Сырым промозглым днём Рембрандт вернулся из мастерской раньше обычного: Исаак схватил где-то простуду и чувствовал себя скверно, капризуля Геррит был не в духе. Рембрандт рано отпустил учеников. Геррит помчался домой а Исаак пошёл с Рембрандтом – он жил у учителя. Дома Нелтье и Лисбет скребли и чистили кухню – голландский дом всегда должен быть безупречно чистым. Рембрандт отослал Исаака к себе в комнату отдыхать и отлёживаться, чтобы назавтра он чувствовал себя лучше, и попросил Лисбет приготовить юноше горячий травяной отвар. Он прошёл в комнату, где сидел на стуле отец, задумавшись о чем-то и устремив слепые глаза в одну точку:

- Рембрандт? Что-то вы сегодня рано вернулись.
- Да, отец, сегодня пораньше закончили.
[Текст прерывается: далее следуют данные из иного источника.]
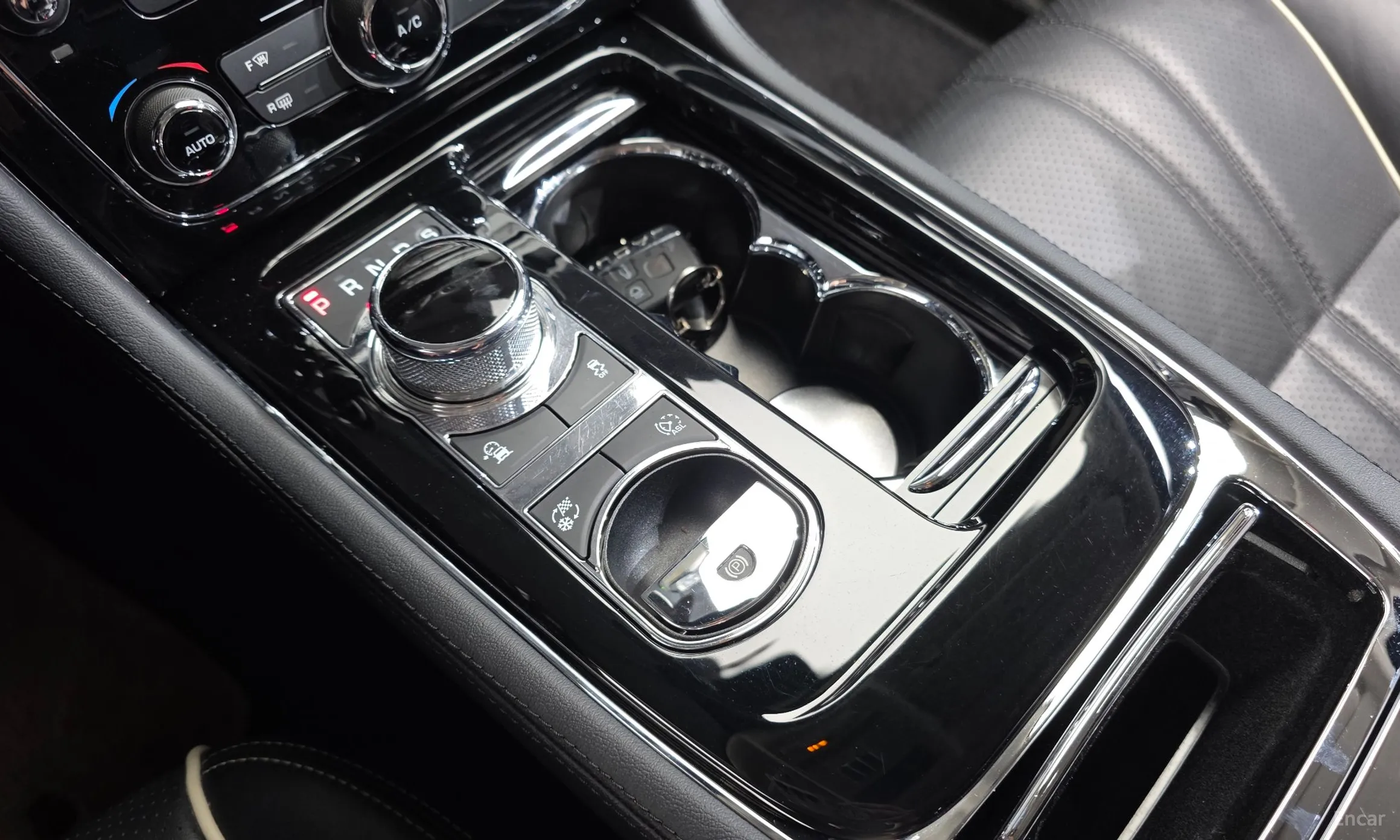 Jaguar All New XJ превью 9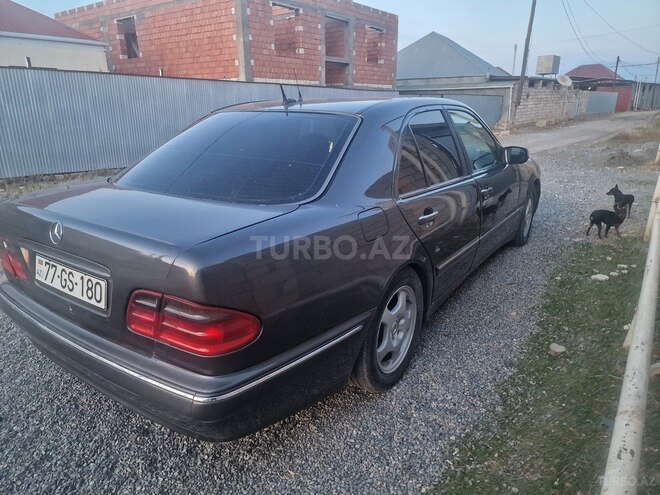 Mercedes E 220 2000, 350,000 km - 2.2 l - Gəncə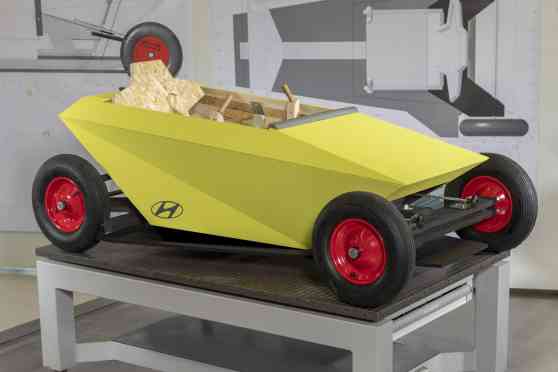 Hyundai's latest car is powered by gravity image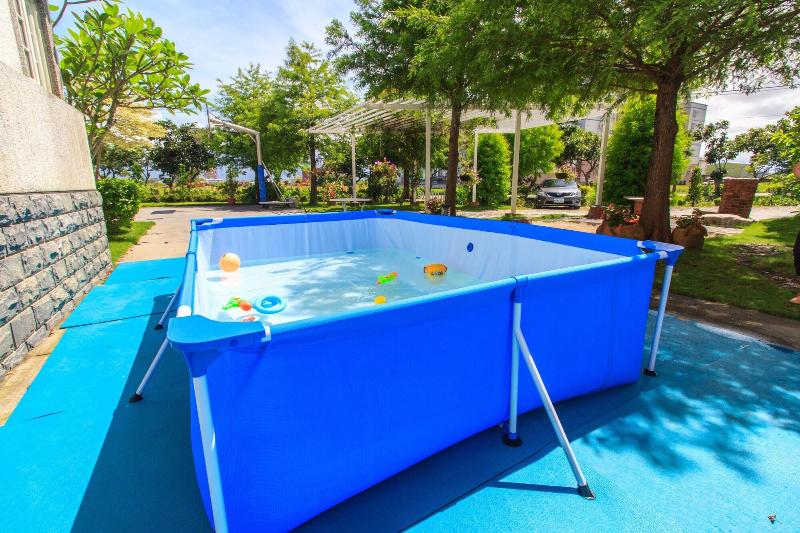 تختخواب و صبحانه Elegance House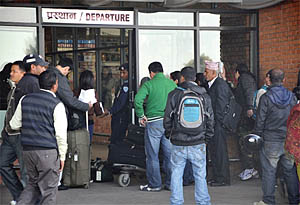 विदेश गएका लमजुङका दुईजनाको मृत्यु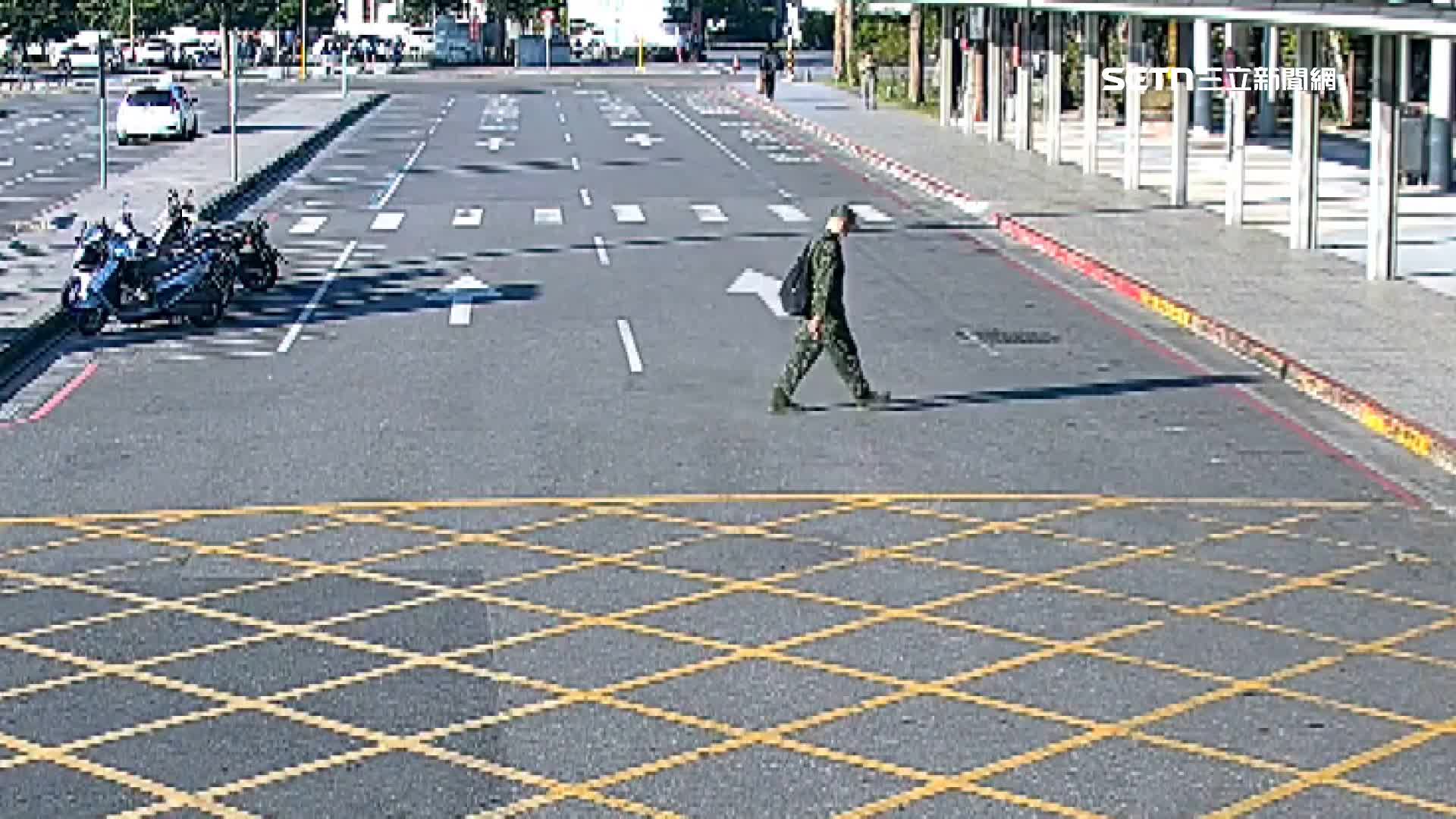 男子從網咖離開時還換成軍服，軍服胸口還有傘兵專屬的徽章，疑似是航特傘兵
Исаак заболел, простудился где-то, да и у меня ничего не клеится, всё из рук валится. Как ты себя сегодня чувствуешь?
- Сегодня не так уж и плохо. Я даже хотел пойти на мельницу, но Адриан отговорил, да и у Лисбет работы много.
- Тебе не стоит ходить на мельницу, отец. Побереги себя. Если небходимо, я могу помочь братьям.
- Тебе нужно заниматься своим делом, своими картинами, Рембрандт. Много утебя сейчас работы?
- Работа есть. Недавно снова приезжал из Амстердама агент господина ван
Эйленбюрха, торговца картинами, помнишь я тебе о нём рассказывал?
Хармен кивнул.

- Он, по поручению ван Эйленбюрха, заказал мне и Яну по паре небольших картин
 с зимними сценками, они всегда неплохо продаются.
- Если господин ван Эйленбюрх постоянно покупает твои работы, значит они ему интересны, значит приносят прибыль. Не мог бы он помочь тебе первое время закрепиться в Амстердаме? Люди вокруг говорят, что в Амстердаме художнику лучше живётся: заказов больше, платят солиднее. Я вижу, сын, что тебе хочется уехать из Лейдена.
Краска бросилась в лицо Рембрандту.
- Как ты можешь видеть, отец? – тихо произнес Рембрандт, – Я никуда не уеду.
- Вижу, – мягко, но уверенно ответил Хармен, – иные вещи я сейчас вижу гораздо яснее, чем в то время, когда зорко видел глазами. Я плохо вижу столы и стулья, но хорошо вижу, что ты удивлён и смущён.
Рембрандт молчал, с удивлением глядя на старика-отца. Хармен повернулся в сторону Рембрандта.

- В этой слепой неясной сумеречности, где едва различаются очертания вещей, я узрел какой-то особый свет.
- Какой свет, отец? – с любопытством спросил Рембрандт.
- Не знаю, смогу ли объяснить. Будто на меня излились тёплые лучи. Я теперь по другому вижу - своими чувствами и ощущениями. Я чувствую, я предвижу, что тебя ждёт большое будущее, но тебе нужно выбраться из Лейдена. И ты сам страстно желаешь этого, несмотря на все попытки подавить себя. Уезжай, следуй своей судьбе. Тебе все равно не удержаться в Лейдене.
- Ах, отец, – Рембрандт не нашёлся, что сказать в ответ и только закрыл лицо ладонями, – простишь ли ты меня, простит ли мама?

- Прощу. Матери будет нелегко, ты её любимчик, но она поймёт, она хочет для тебя лучшей доли, – еле слышно прошелестел Хармен. Ему уже было трудно вести этот ставший очень эмоциональным разговор.
Рембрандт всхлипнул, бросился к сидящему на стуле отцу, обнял его колени, уткнулся в них лицом, словно маленький мальчик, и отчаянно заплакал.
     *Этот портрет в настоящее время находится в парижском Лувре. Существуют также потреты большего размера. Портретов Нелтье кисти Исаака де Йодервиля не сохранилось.
**Этот портрет Нелтье кисти Яна Ливенса в настоящее время находиться в Канаде.